3. Make a copy of your hard drive, just in case things go wrong.

Okay, now for the upgrade.

Start by gathering all the installation files for all your applications. Windows 7 will put your info in a Windows.old file for you, but it won’t reinstall your programs. Make sure you have all the CDs or if you downloaded programs, back up any install files you have on an external drive. Find all the license keys either off product boxes or old e-mails. You’ll want them all handy in a place outside the computer you’re upgrading.

The last thing before you reach for the Windows 7 disc is to download and run the Windows Easy Transfer Wizard. This will allow you to back up all your files and settings to an external hard drive, a different one than the one you imaged earlier.

Launch the wizard and make sure your external drive is plugged in. You can send your info to a network location; in this example, we’re choosing an external drive. The program will check for what can be transferred then give you the opportunity to password-protect the data. Finally, choose your external drive and begin the back up. You shouldn’t use your computer while this process is running. It will take a while to move all your info over. Once it’s done, you can set that drive aside – you won’t need it until after Windows 7 completes updating.

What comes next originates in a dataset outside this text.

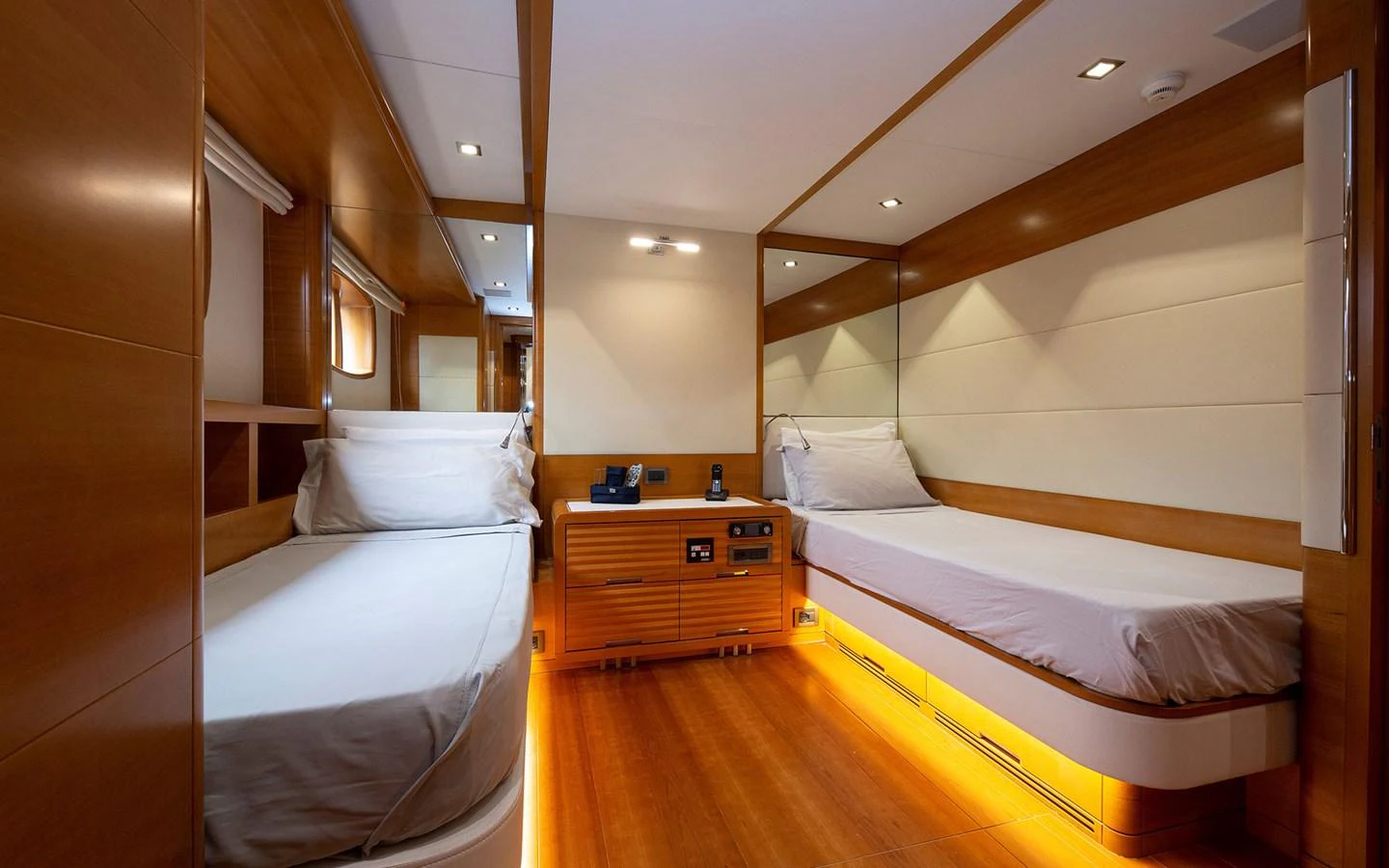 The twin stateroom features modern wooden paneling and ambient lighting for a cozy and elegant atmosphere. aboard SOFIA OF TORTOLA Yacht for Sale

Finally, you’re ready to insert the Windows 7 disc. When doing a clean install, it doesn’t matter if you restart and boot off the disc or just run it from within Windows. It will give you one last chance to check compatibility. If you’re sure you don’t need that, go ahead and click “Install now.”

A warning box will alert you that you’re going to lose your old version of Windows and your old files will be saved in C:\Windows.old and windows will begin installing.

Your computer will reboot a few times and eventually the Wizard will return, this time running in Windows 7. At this point, you’ll be able to do things like set up a password, set security preferences, set the time and date, etc.

Finally, you’re running Windows 7! And now, for your first gift, you will have device driver problems. Let’s address that. Launch the device manager by pressing Start and typing Device Manager in the search box. If you see yellow exclamation points, those devices have driver problems. The easiest way to fix them is to double-click the item, then click the update driver button. Select Search automatically for updated driver software.

If you’re lucky, that will fix the problems. If you’re human and you still have a few devices with problems, try looking at the Windows 7 Upgrade Adviser to see if the device and its new driver are listed. If that doesn’t work, check the manufacturer’s web site.

Once you get your devices running to your satisfaction, time to install your old programs. Gather your CDs and external drives or whatever you used to store the programs earlier and get to installing. For some programs, you might want to download the latest versions.

Finally, you can restore your info. It’s all there in a folder called Windows.old, where you can manually move everything back into the proper directories under Windows 7. But we don’t have to mess with that, since we did the Easy Transfer Wizard earlier.

Make sure your external drive is connected. Then click start, choose computer, and under hard disk drives, choose the external drive where you stored your transfer info. Find the file you should have named “Windows Easy Transfer – Items from old computer” and double click.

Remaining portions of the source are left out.